I know I’ve been posting lots of pictures of the boys together on Facebook, and that it’s probably getting to be pretty boring viewing, BUT… I can’t help it. I love/can’t believe that they’ve gotten to a stage where they can actually interact with each other. Once Emil started walking, I’d look over at our little play area and kind of do a double take; since when do I live in a house with two little boys — not a toddler and a baby? Somehow, that caught me off guard. Now I’m used to it (kind of) and continue to be fascinated by these two little beings as their personalities develop.

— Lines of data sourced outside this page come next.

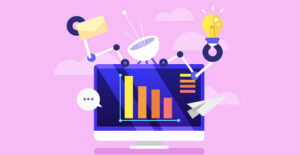 marketing auotmation evento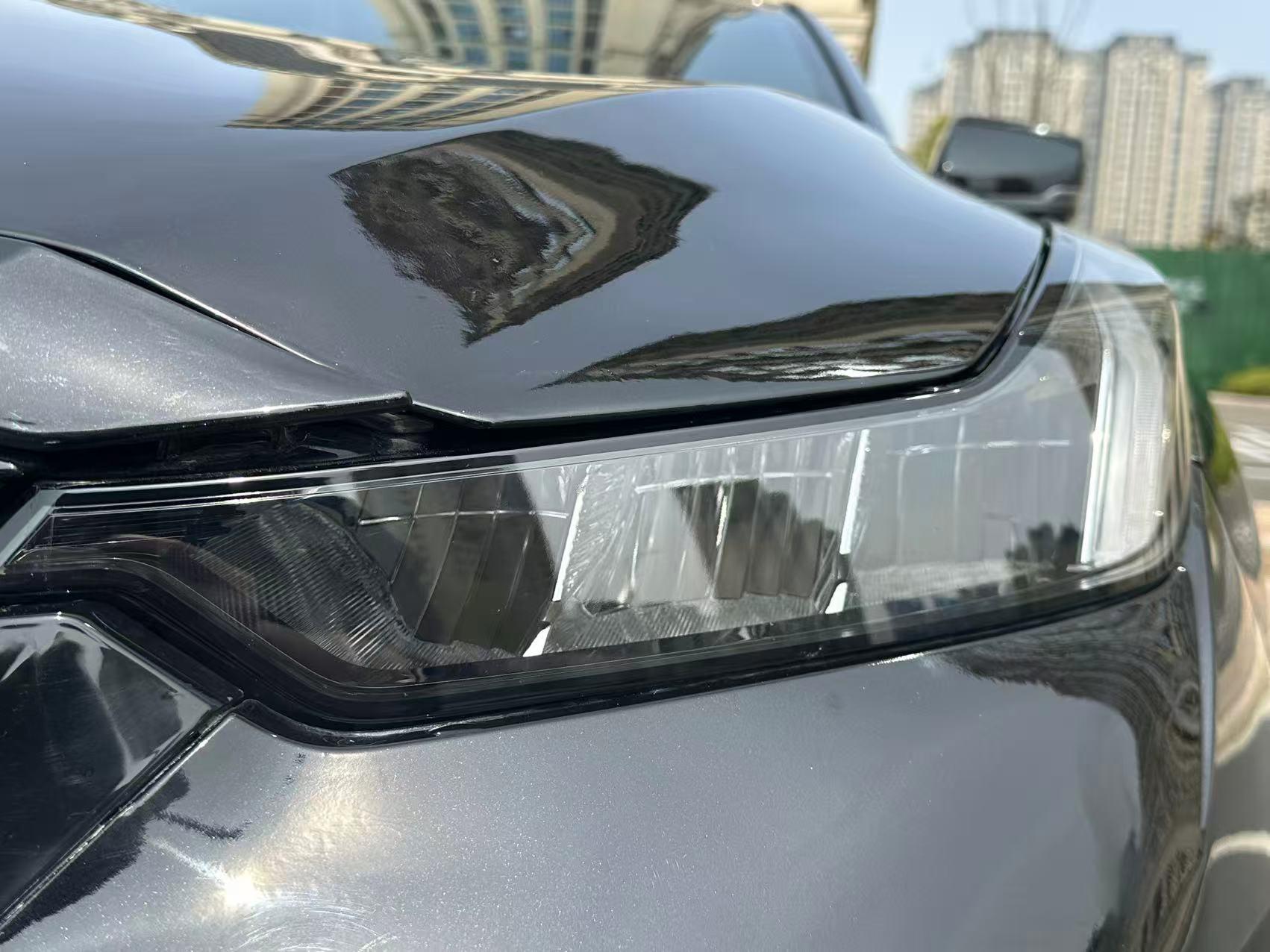 Cadillac Cadillac CT5
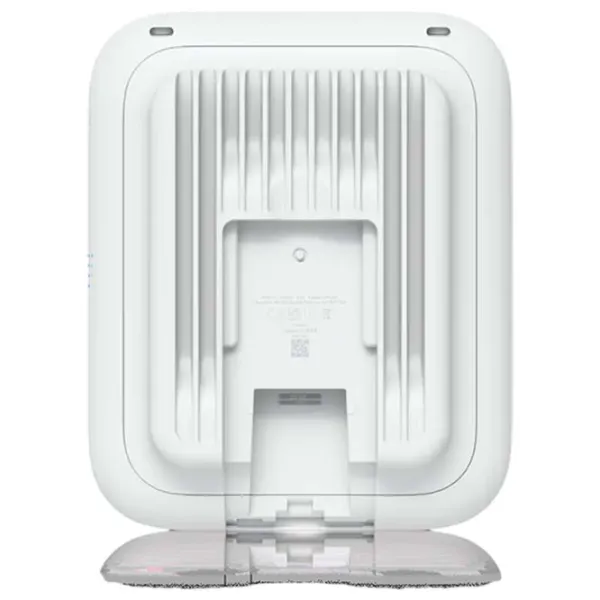 Точка доступа Ubiquiti U7 Outdoor Белый photo 5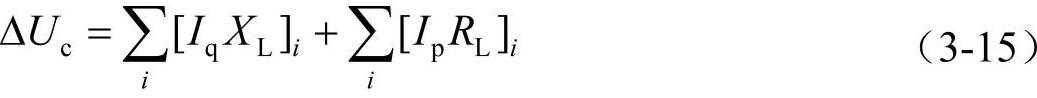 978-7-111-48590-2-Chapter03-64.jpg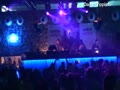 Josh Wink @ Space Ibiza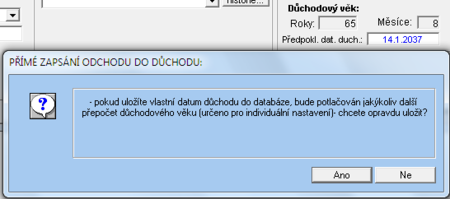 Duchodovy-vek-Osobni-udaje-Moznost-editace-Hlaska.png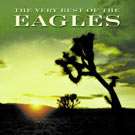 Very Best Of The Eagles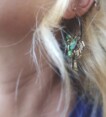 IMG_20220322_123751_504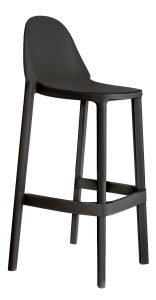 mobilier bar
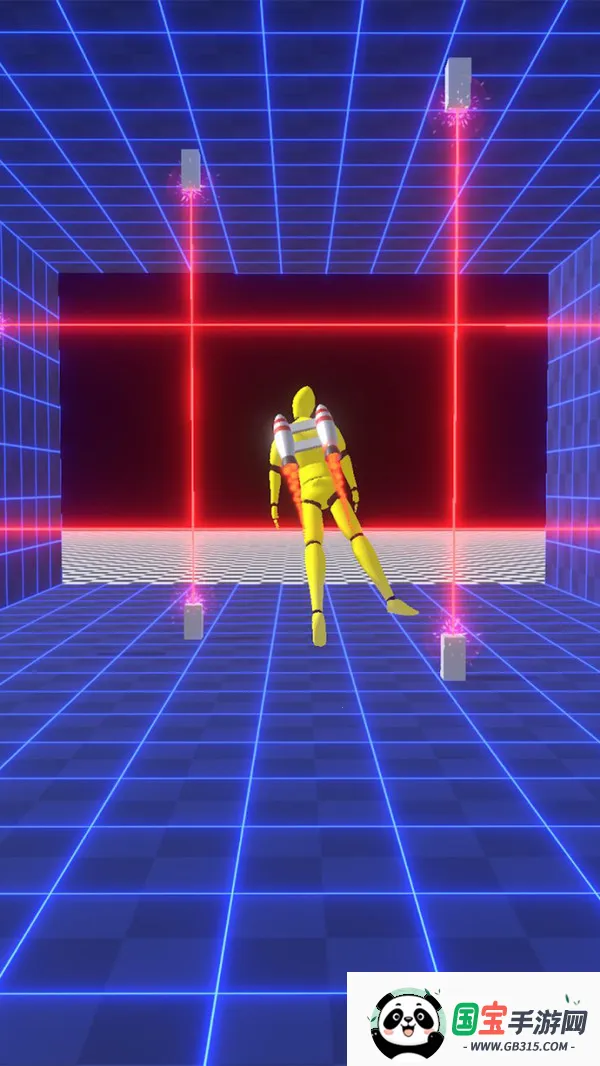 ʦ2025ٷv189.1.1 ٷͼ2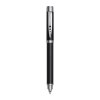 Stylo métal CARBONIUM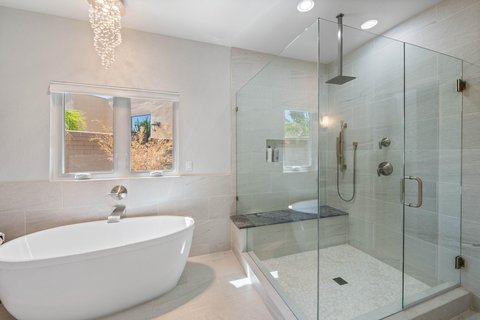 39060 Kilimanjaro Court, Palm Desert, CA 92211 photo 19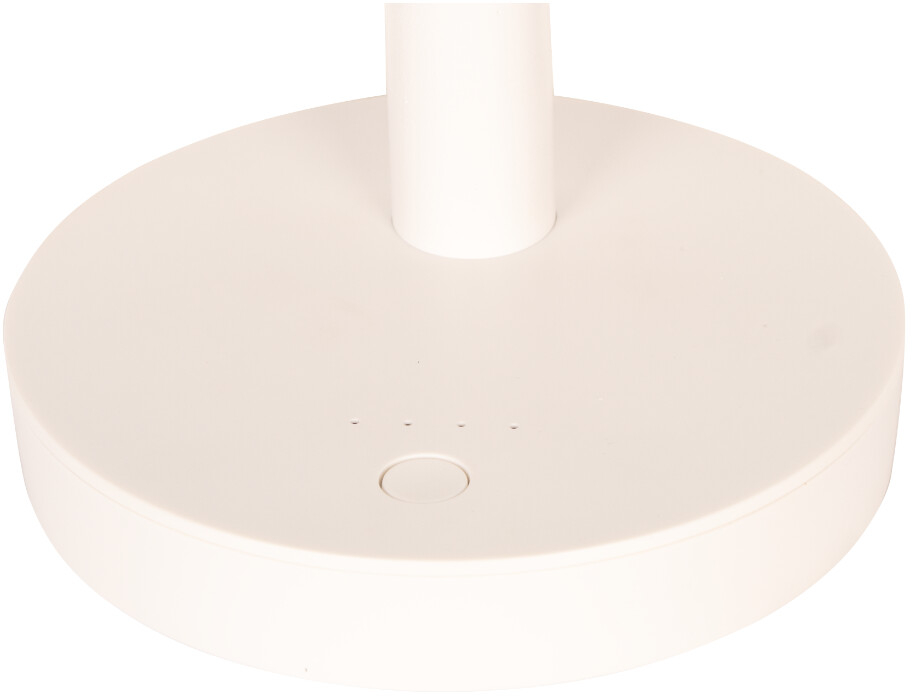 Ventilator de Birou cu Acumulator DF 5 Evotools [5]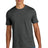 District Men's   Perfect Weight   Icon Tee DT106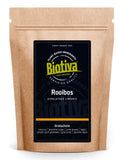 Rooibos Tee Bio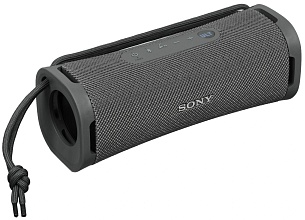 Портативная колонка Sony ULT FIELD 1, серый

Here they are today after  barnehage. Karel was ”resting” on the couch, and Emil came to join in. Note Emil’s arm around Karel’s neck. Despite being the younger of the two, Emil is starting to treat Karel as a ”kosedyr” (stuffed animal) as opposed to the other way ’round. Karel was happy to have the company, and ordered that an extra blanket ”that Emil Birk likes” be brought over.

I’m not holding my breath that they’re going to be snuggle-buddies forever, or even for very long. I know how the sibling thing works. Thus this need to document it photographically as it happens. I’m sure there will be other things in store for us to make my heart swell and chest contract the way it does seeing the little people I love most show love to each other…but for now, that pretty much tops it.

(For the record, being cute and sweet does not in any way erase the exhaustion these crazies have caused the last weeks…but it does take the edge off.)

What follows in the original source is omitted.